▶ **Prompt**
For this exercise, copy exactly only the lines from the one containing "Vileda 1-2 Spray Liquid Mop - Red by Vileda" to the final line of the material below, without the pictures.

▶ **Supplied material**
* * * * * * *

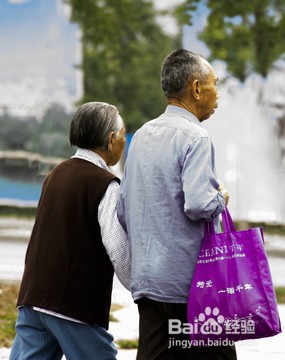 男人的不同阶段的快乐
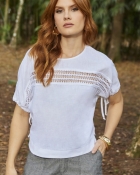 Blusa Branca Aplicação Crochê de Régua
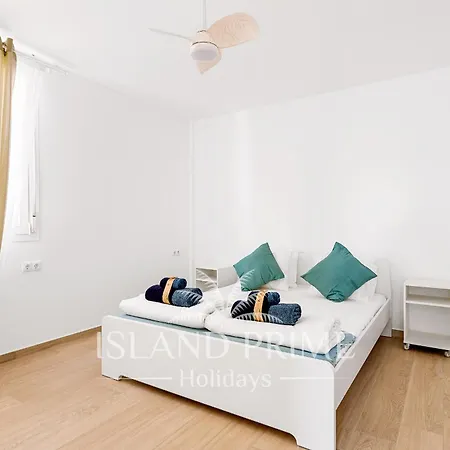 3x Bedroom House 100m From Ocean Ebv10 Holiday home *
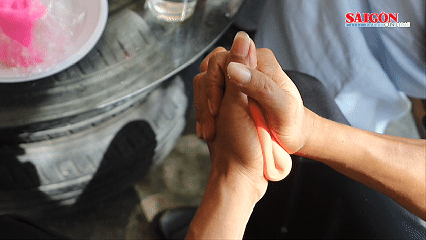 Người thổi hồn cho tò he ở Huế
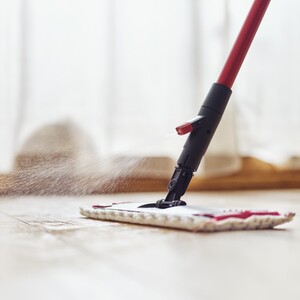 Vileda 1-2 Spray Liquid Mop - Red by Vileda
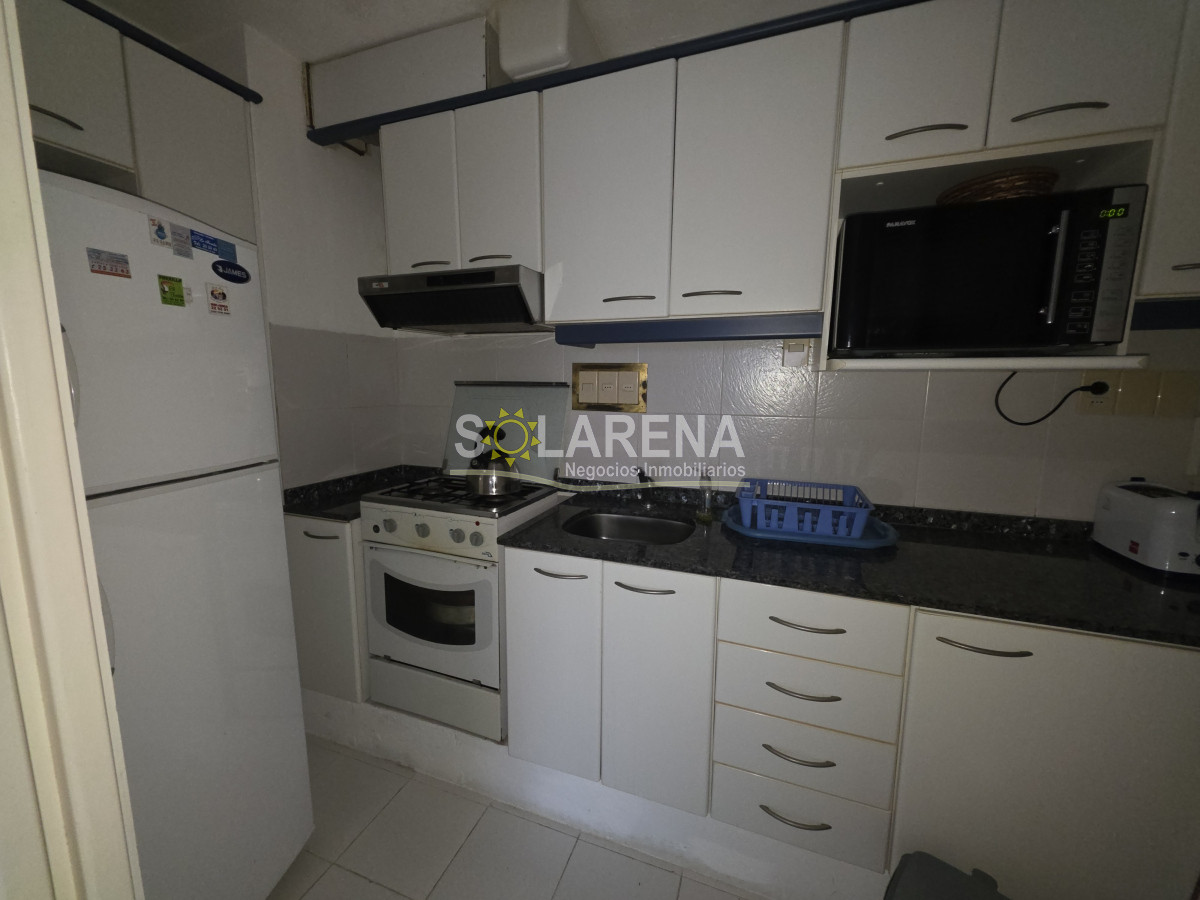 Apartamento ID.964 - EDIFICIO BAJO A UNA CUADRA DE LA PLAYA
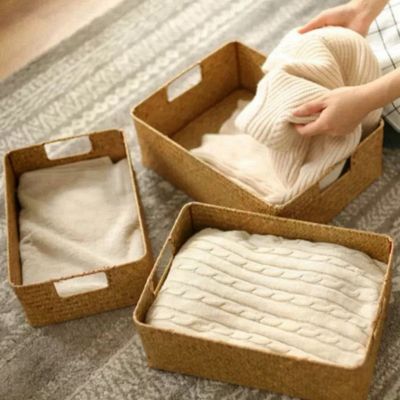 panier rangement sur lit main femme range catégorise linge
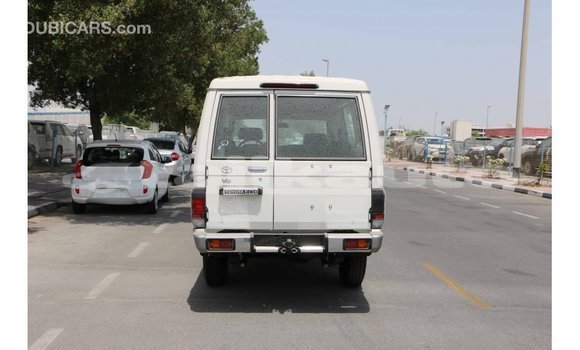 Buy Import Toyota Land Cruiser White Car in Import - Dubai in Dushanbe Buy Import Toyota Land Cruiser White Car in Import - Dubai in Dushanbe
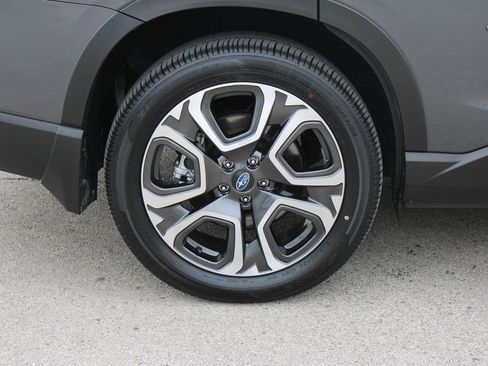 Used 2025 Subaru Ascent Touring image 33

* * * * * * *

▶ **Solved problem**
 Vileda 1-2 Spray Liquid Mop - Red by Vileda
 Apartamento ID.964 - EDIFICIO BAJO A UNA CUADRA DE LA PLAYA
 panier rangement sur lit main femme range catégorise linge
 Buy Import Toyota Land Cruiser White Car in Import - Dubai in Dushanbe Buy Import Toyota Land Cruiser White Car in Import - Dubai in Dushanbe
 Used 2025 Subaru Ascent Touring image 33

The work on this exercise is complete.